In the evening the Architect and I went to visit the documentary filmmakers, Mathilde and Dirk in their spacious apartment on the roof. Chloe the nervous, intense Mexican writer was there too. These are such brilliant, intellectual people, yet I feel as if we are old friends. There was much to talk about; not least that Mathilde and Dirk are in the throes of arranging to get married in Paris, after ten years together. They are wonderfully suited, and look very happy together. What a astonishing last few weeks I’ve had, with the pressure off and these marvellously intelligent people to discuss things with. Date: 2007-
One of the things I had to do before leaving Berlin was to get a haircut by the same stylist as the elegant blonde from Café Kakao, that specialist hot chocolate place. This was "Herr Hasel", Harald, on Kopenhagener Strasse, off Schonhauser Allee in Prenzlauer Berg, what a cool ambience. Chic, laid-back, friendly and run-down. Very Berlin. There were print-out city images blue-tacked to the walls, a white piano, commodious tobacco coloured settee, and a wonderfully understated relaxed feeling encompassing everyone from camp handsome guys to a young mother with her children. The haircut was exactly right. I felt very good afterwards.

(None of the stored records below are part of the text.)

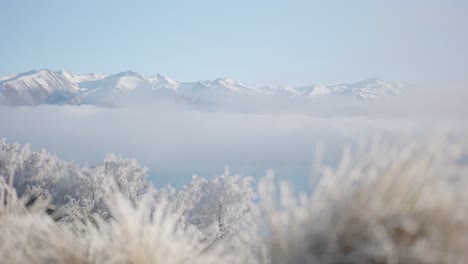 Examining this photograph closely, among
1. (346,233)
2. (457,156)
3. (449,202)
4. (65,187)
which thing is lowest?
(65,187)

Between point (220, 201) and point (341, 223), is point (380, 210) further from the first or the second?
point (220, 201)

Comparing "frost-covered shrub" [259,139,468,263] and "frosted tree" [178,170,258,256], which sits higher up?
"frost-covered shrub" [259,139,468,263]

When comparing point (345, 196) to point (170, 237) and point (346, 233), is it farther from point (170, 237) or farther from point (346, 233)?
point (170, 237)

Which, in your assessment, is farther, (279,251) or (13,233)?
(13,233)

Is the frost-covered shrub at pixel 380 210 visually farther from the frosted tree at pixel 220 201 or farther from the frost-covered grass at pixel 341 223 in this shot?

An ex-Chelsea artist was having an exhibition at the Kollaboratif Galerie of a light-hearted measurement of the distance between London and Berlin. For example: how many yawns on the journey over, or pages of ‘War and Peace’ read if she had been reading it at say 9.6 pages an hour, the number of bridges a bird would cross as the crow flies. This was illustrated with a large Joseph Beuys type blackboard mathematical diagram, as well as photographs and maps. It was again typically Berlin, being supportive to artists, giving them a chance to exhibit. There are economic restraints but the opportunities foster bubbling creativity. Rents are comparatively so cheap that many artists set up their own galleries to show their work and those of their friends, like this one with such a friendly atmosphere.

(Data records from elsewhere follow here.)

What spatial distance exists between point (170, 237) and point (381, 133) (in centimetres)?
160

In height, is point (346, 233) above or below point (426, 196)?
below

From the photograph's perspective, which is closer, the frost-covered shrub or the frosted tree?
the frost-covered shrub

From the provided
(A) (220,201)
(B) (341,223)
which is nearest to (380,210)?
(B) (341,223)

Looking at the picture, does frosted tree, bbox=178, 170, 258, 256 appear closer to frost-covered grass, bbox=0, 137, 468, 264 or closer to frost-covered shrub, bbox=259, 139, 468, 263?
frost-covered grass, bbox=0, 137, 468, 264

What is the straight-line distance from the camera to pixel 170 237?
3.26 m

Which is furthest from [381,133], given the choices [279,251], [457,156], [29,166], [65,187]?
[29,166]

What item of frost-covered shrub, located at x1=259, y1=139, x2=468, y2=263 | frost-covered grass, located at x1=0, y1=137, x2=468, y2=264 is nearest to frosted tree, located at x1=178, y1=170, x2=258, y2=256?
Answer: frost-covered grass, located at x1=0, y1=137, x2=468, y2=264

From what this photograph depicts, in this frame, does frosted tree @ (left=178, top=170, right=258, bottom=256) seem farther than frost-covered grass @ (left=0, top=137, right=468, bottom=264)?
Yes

Walking around the streets here I marvel at what a very different city it is now compared to four months ago. Instead of looking at places for a last time, I keep saying oh look I never saw that place before. Some places do only open after the winter is over, but others were just closed in on themselves so that one wasn’t aware of their existence.
As people had come into the opening viewing of the exhibition I had taken an up close quick photo of everybody’s face as if for I.D. security and also did the same for the Finissage. I had two sets of these images printed out, One set of prints were white- tacked onto the wall of the anteroom studio making My Berlin Wall (Faces), that I’ll reproduce later in London. All those different faces in more or less the same format were very intriguing. Those individuals so varied yet making up a community of interests make a good set all together. Today I went around the Milchhof giving the artists that had come, their copy of the Berlin Wall Face photo. I still can’t register that all this is coming to an end, just as it is getting better and better. When people ask me questions like "when are you coming back to Berlin?" or "Will you come to live in Berlin?" or "What will you do when you return to London?" My mind goes blank. I’m in Berlin that is the reality of the moment and somehow I can’t project any further forward, not yet. Or don’t want to cut the time shorter by projection.

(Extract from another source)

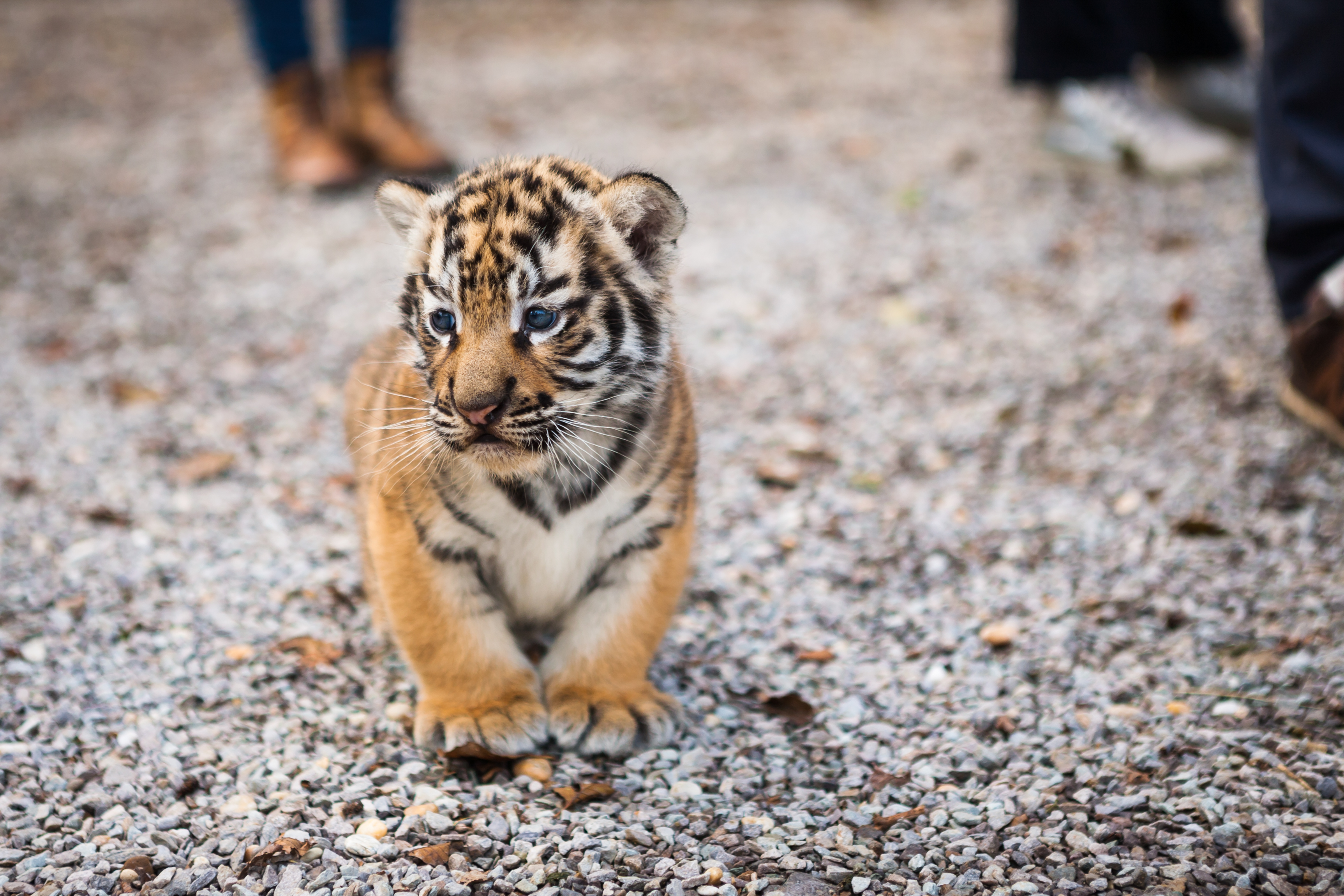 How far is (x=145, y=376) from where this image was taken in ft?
15.9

All day people were dropping by and being really friendly discussing my paintings. There is such a good feeling here because they are serious artists who work hard, and that makes us understand each other.
Through working and visiting each other’s studios, we gradually got to know each other in spite of the language barrier. Now I shall miss them all very much when I go, but it has been so great to make friends and have this fellow artist bond with them.